Retrofitting Table Level
Delete/Archive Strategies - Short Term Storage Models
by Bill
Wunder
When I began this series of articles
I had expected to deliver a one-two punch and then move on to
another aspect of SQL Server. Quickly it became obvious that
this topic would require more discussion than I had anticipated.
In the first segment,
Unbounded Table Growth by Design we explored the all too
common shortcut to data modeling that leaves an application with
unbounded table growth patterns in rapidly growing tables and we
examined how this practice is more debilitating the more
successful an application becomes as efforts to remove old and
no longer needed rows from table interferes with and perhaps
even breaks the applications ability to use the table. Then in
the second segment,
Classifications of Logging Tables we attempted to define
some loose categories that are useful as starting points for the
rescue of good applications from such unbounded growth
limitations. In that discussion we considered that there are a
few applications that actually need to support unlimited table
growth (recall we labeled this requirement as the History of
the World) and others that are completely miscast in the
role of an ever growing table when in fact they are merely
temporary data containers that can be easily and regularly
decapitated (with some irreverence we called these tables
Wholly Unnecessary). That was supposed to leave us to
discuss the majority of ever growing tables in this current
segment and to look over some working demonstrations of retrofit
partitioning strategies to help return the otherwise successful
application to a well behaved and easily maintainable state.

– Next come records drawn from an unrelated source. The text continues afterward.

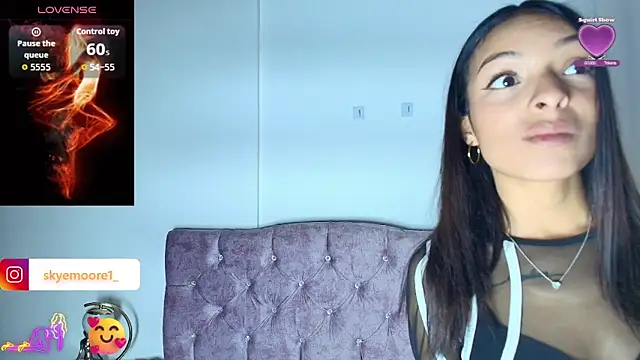 Skye Moore online show from November 4, 2025, 7:50 pm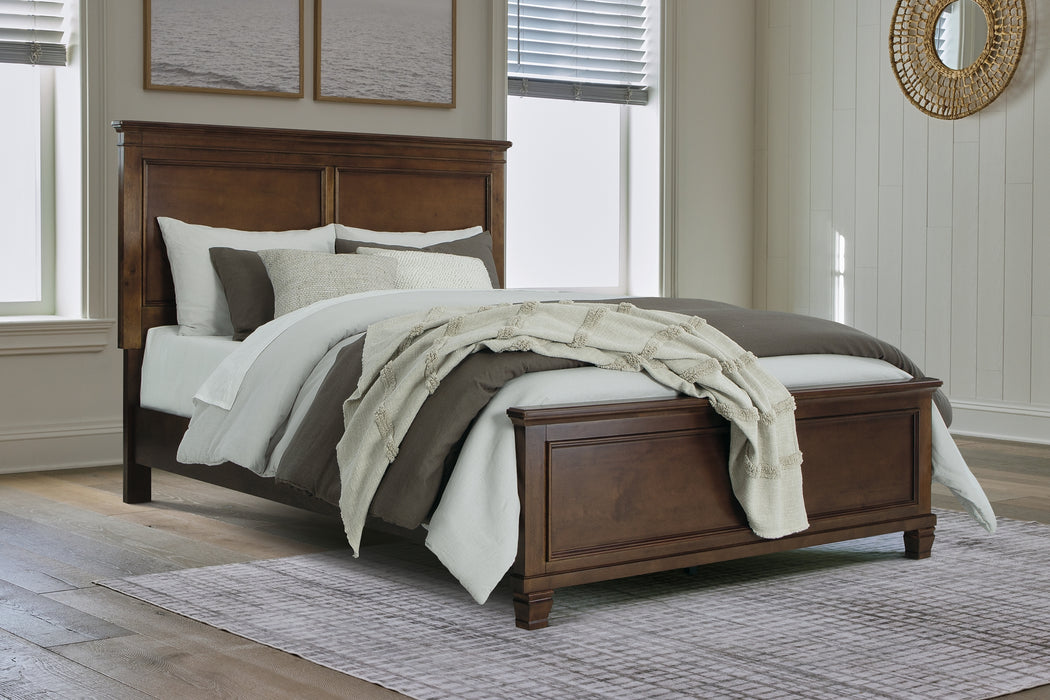 Danabrin Panel Bed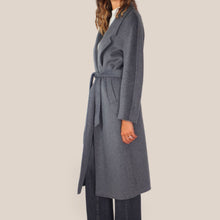 Carica l'immagine nel visualizzatore di Gallery, Maryley cappotto con cintura cucito a mano 50% lana Art 26IB893
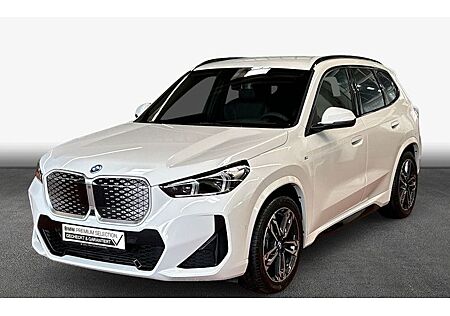BMW iX1 xDrive30 5 Türen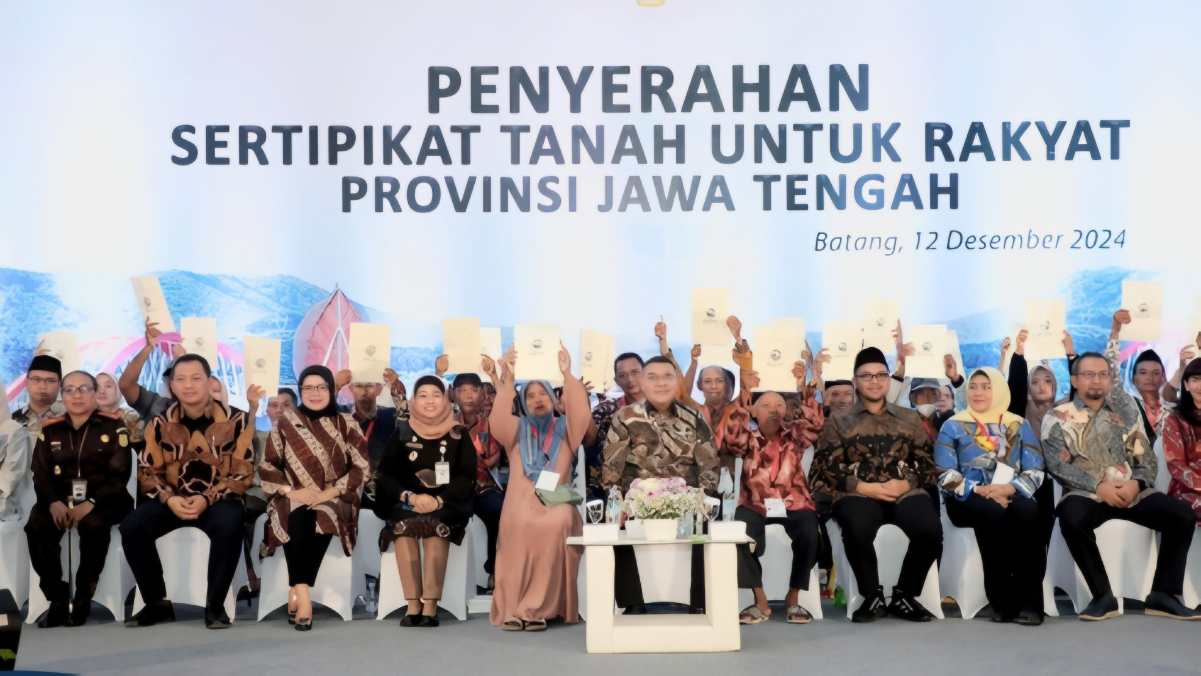 Wamen ATR Serahkan 1.571 Sertifikat Elektronik Anti-Mafia Tanah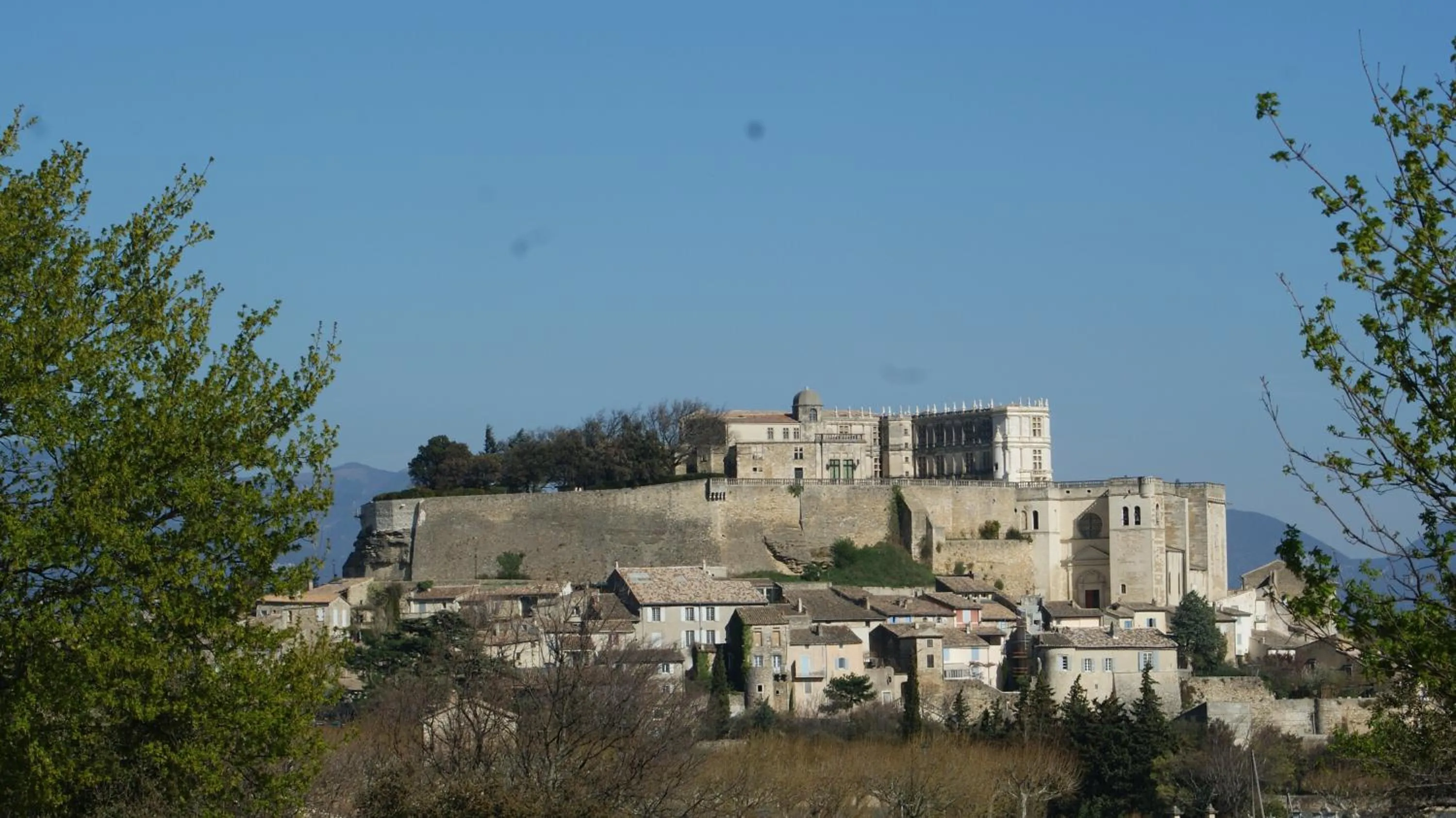 Activities in Demeure de Digoine "Chambre d'Hotes"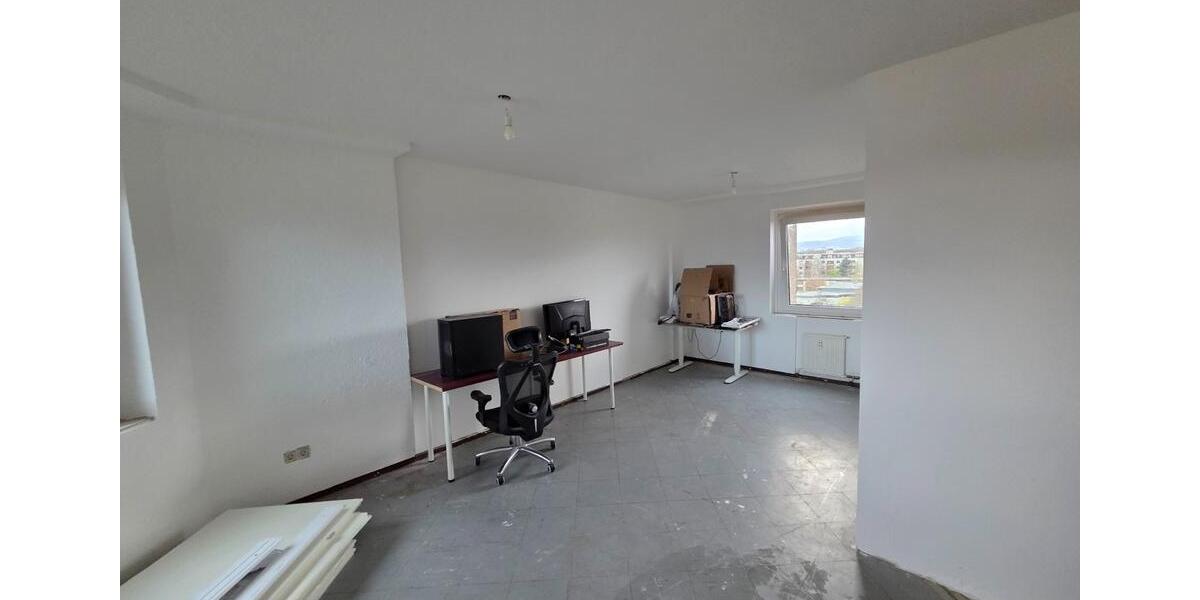 Etagenwohnung Frankfurt am Main Sossenheim - 4.5 Zimmer, 110 m&sup2;, 1.200&euro; | Angebot:25903895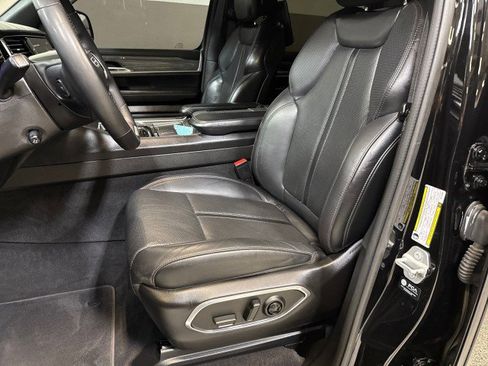 Used 2022 Jeep Wagoneer Series III w/ Rear Seat Video Group 1 image 17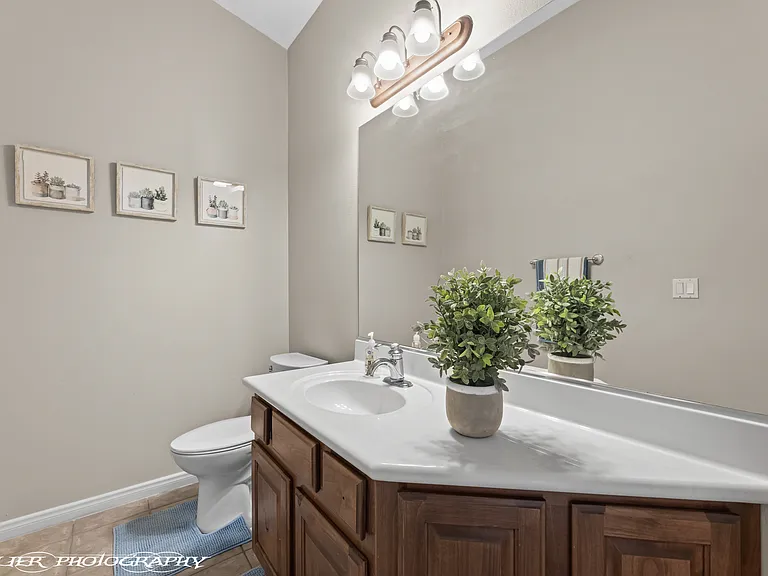 241 Palmer Ln — Photo 8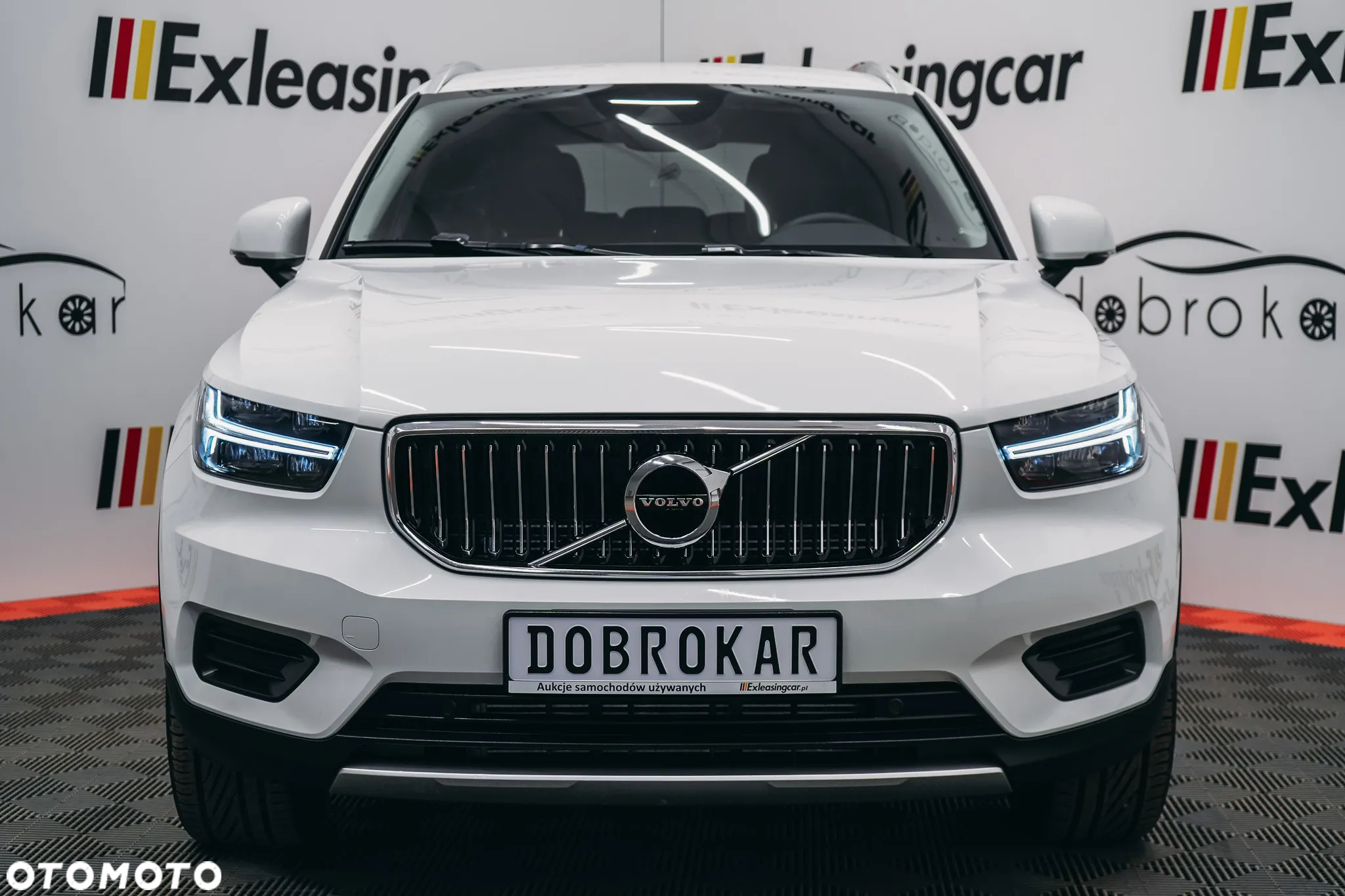 Volvo XC 40 T4 Plug-In Hybrid Inscription - 4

Well, now that I've had some time to ponder the real breadth of
remaining topic I believe I'm going to have to cut this last
piece of the pie into yet smaller slices in order to give the
remaining things to be said fair play.
Stick with me and I'll present some
working examples based on working solutions I have used along
the requirements (and complexity) continuum from the simple
partitioning strategy necessary for data that is slightly more
than Wholly Unnecessary but has only limited value after
a relatively short period of time (remember we dubbed this the
Saturday Night Live container) to the data table that is
rarely updated but might be read for a considerable period of
time (our Middle of the Road data) and onward into realm
of the table where rows are regularly read and updated for an
extended period of time but need to be held to some relatively
fixed size for performance and/or storage requirement reasons
(or as we named it, a Life of The Party table).
As a general practice it is useful
to approach any partitioning retrofit with a common methodology.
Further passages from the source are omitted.